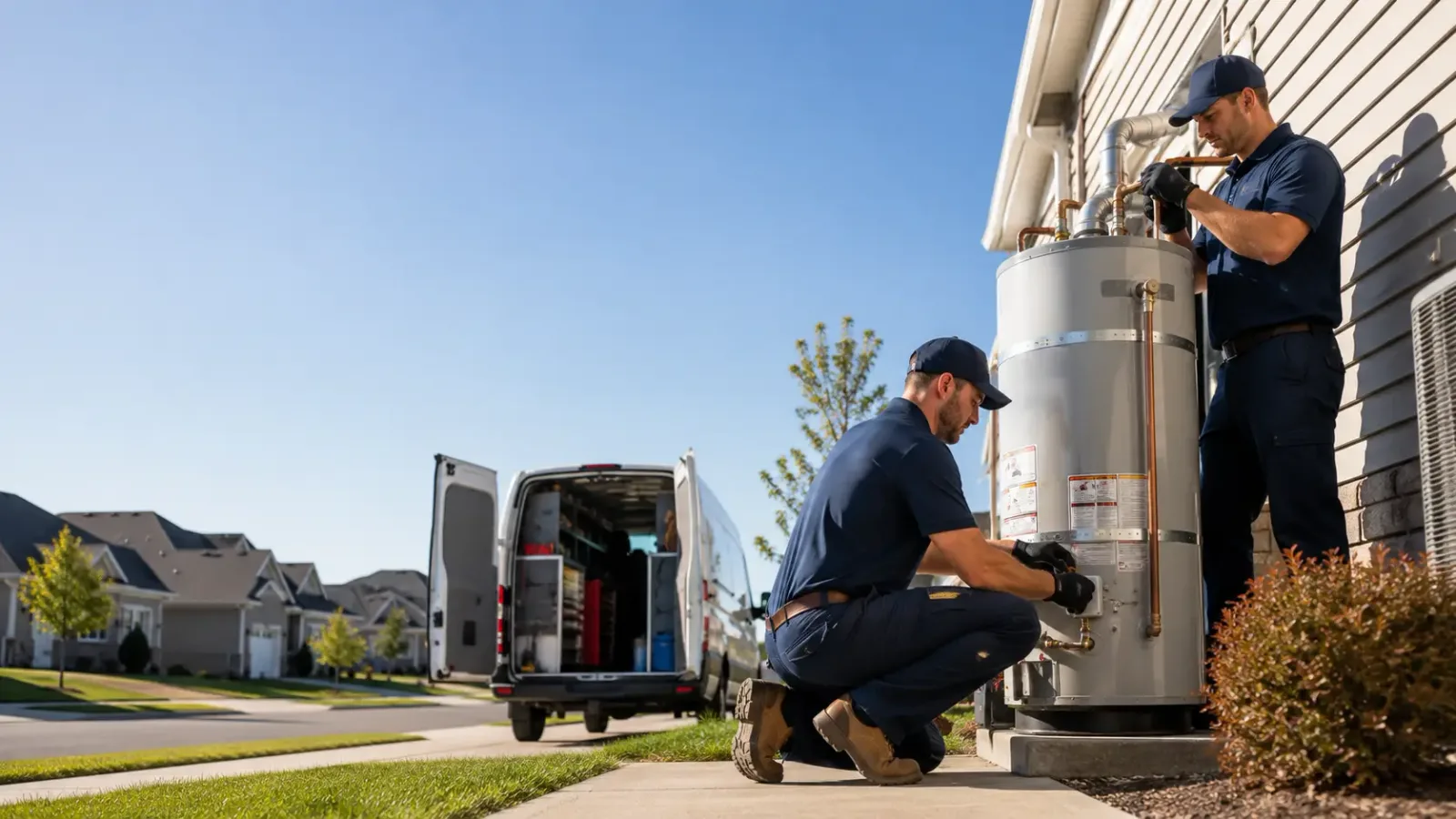 Water Heater Installation in Universal, IN
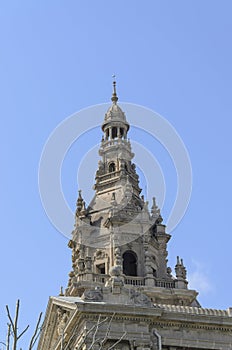 The Palau Nacional of Barcelona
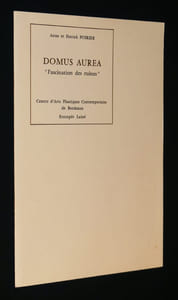 "Domus aurea ""Fascination des ruines"""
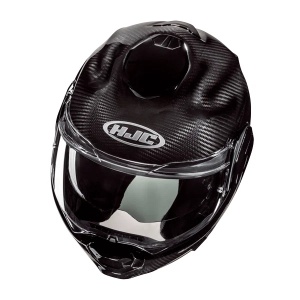Casco Modulare mentoniera a rotazione HJC F100 Carbon Nero F 100 - Img 3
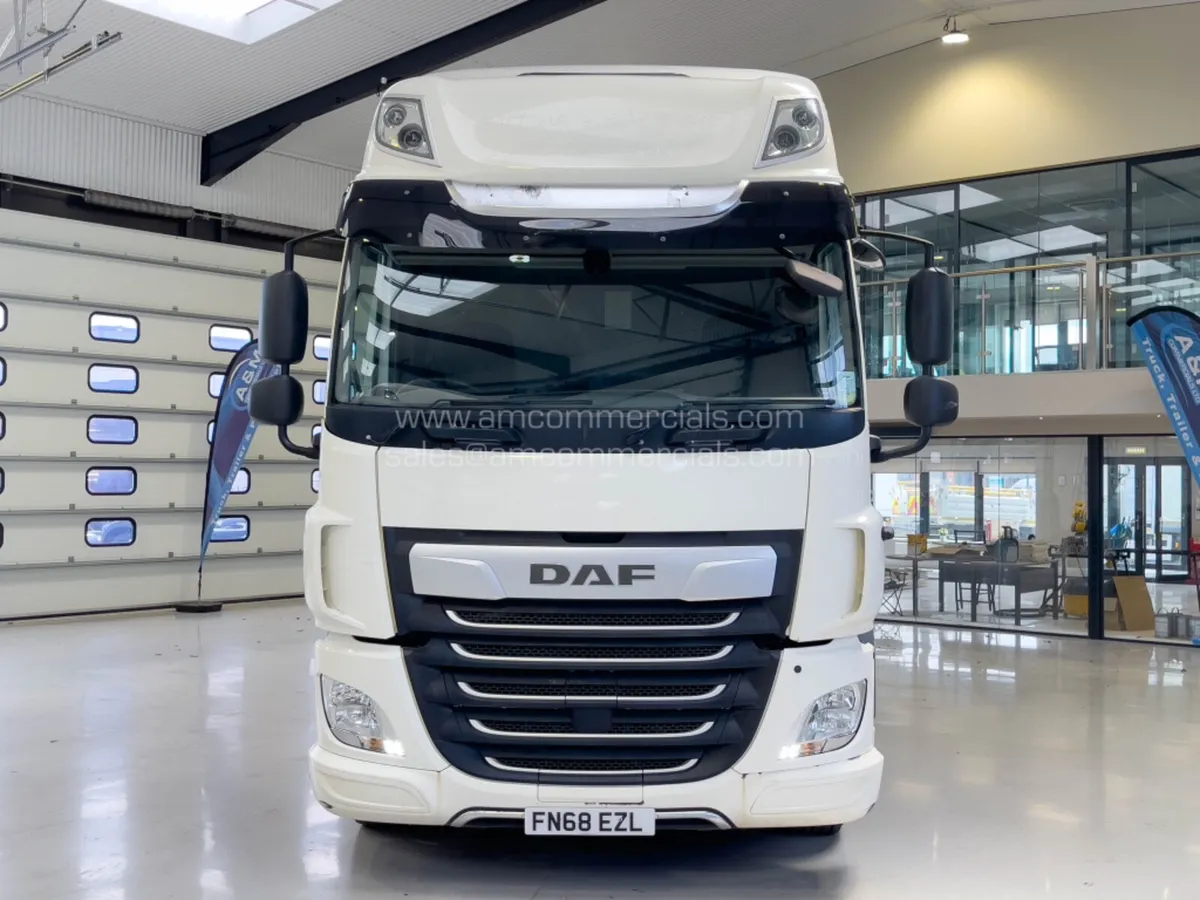 2018 (68) DAF CF 480 SPACECAB 6X2 MIDLIFT - Image 2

▸ Exercise details: Lines from the one that holds "The Palau Nacional of Barcelona" through the final line of the material are to be duplicated exactly; no pictures belong in the copy.

▸ Exercise result:
 The Palau Nacional of Barcelona
 "Domus aurea ""Fascination des ruines"""
Casco Modulare mentoniera a rotazione HJC F100 Carbon Nero F 100 - Img 3
 2018 (68) DAF CF 480 SPACECAB 6X2 MIDLIFT - Image 2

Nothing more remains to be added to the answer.